Of course, politicians are more likely to take such ambitious stances when solutions are in the offing. There is a technical pathway to reduce emissions from steel by over 90 percent by 2050, according to RMI’s Mission Possible Partnership. Here are three recent developments that show the markets and institutions are aligning to make it a reality.
Volvo unveils a vehicle made from fossil-free steel
In October, Volvo revealed what it calls the world’s first vehicle made with fossil-free steel from SSAB. The machine is for hauling ore in mining operations, and a signal of the company’s commitments to use green steel.
The announcement comes three months after the Swedish carmaker announced plans to manufacture cars with fossil-free steel starting in 2026, which would slash embodied emissions for cars by about a third.

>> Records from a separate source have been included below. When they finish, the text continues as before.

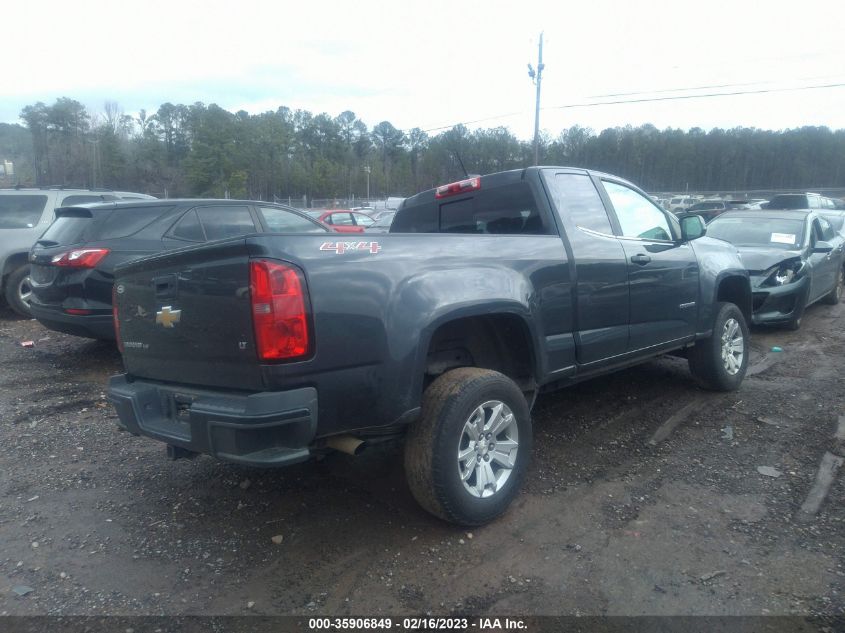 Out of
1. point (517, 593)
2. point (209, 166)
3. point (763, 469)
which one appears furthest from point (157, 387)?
point (209, 166)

In some ways, the commitment to fossil-free steel is low stakes for Volvo. Its plan to manufacture cars with this material has a lot of caveats, including outs if the steel isn’t up to Volvo’s standards or if the cost is too high.
Still, the promise is significant as a signal to the green steel industry that there will be demand for the product if steelmakers figure out how to make it.
“Big customers of steel must drive demand, otherwise there won’t be supply enough to meet our future demands,” Jonas Otterheim, head of climate action at Volvo Cars, told GreenBiz in July. “Someone must act early… Just starting to sow the future demand instead of just talking about it is an important thing.”
Solar-powered steel becomes a reality
A massive new 300-megawatt solar facility officially launched in Colorado last month, which will generate electricity to power more than 90 percent of the EVRAZ Rocky Mountain steel mill. Developer Lightsource bp says this will “enable the mill to produce some of the world’s greenest steel and steel products.”
According to the Colorado Energy Office, the solar project — Bighorn — is the largest on-site solar project for a single customer in the country.
The project isn’t the first to power steel from the sun. The first I heard about was in 2017, when British billionaire Sanjeev Gupta announced plans to power a steel plant in South Australia with a solar and pumped hydro project. That plan has recently been updated to accommodate green hydrogen, with a goal of creating carbon neutral steel by 2024.
Financial institutions put their money where their mouth is
Major lenders to the steel sector, including Citi, Goldman Sachs, ING, Societe Generale, Standard Chartered and UniCredit, banded together in May to create the Steel Climate-Aligned Finance Working Group. The goal: define common standards to drive decarbonization in the steel sector.
The working group represents the alignment of the financial sector to accelerate the decarbonization of individual sectors. Financial institutions representing $130 trillion are committed to net-zero commitments, and this group shows how lenders are getting more savvy when it comes to tipping the scales for specific markets.
“Each sector is very different from one another and will be able to decarbonize at different speeds, will require different technological innovation and different sets of regulations and engagement,” said Remco Fischer, head of climate change at the United Nations Environment Programme Finance Initiative, during a panel about the financial sector’s role in decarbonizing steel this week. “Given all of that, we really need financial institutions to be playing their role within those sector and sector pathways.”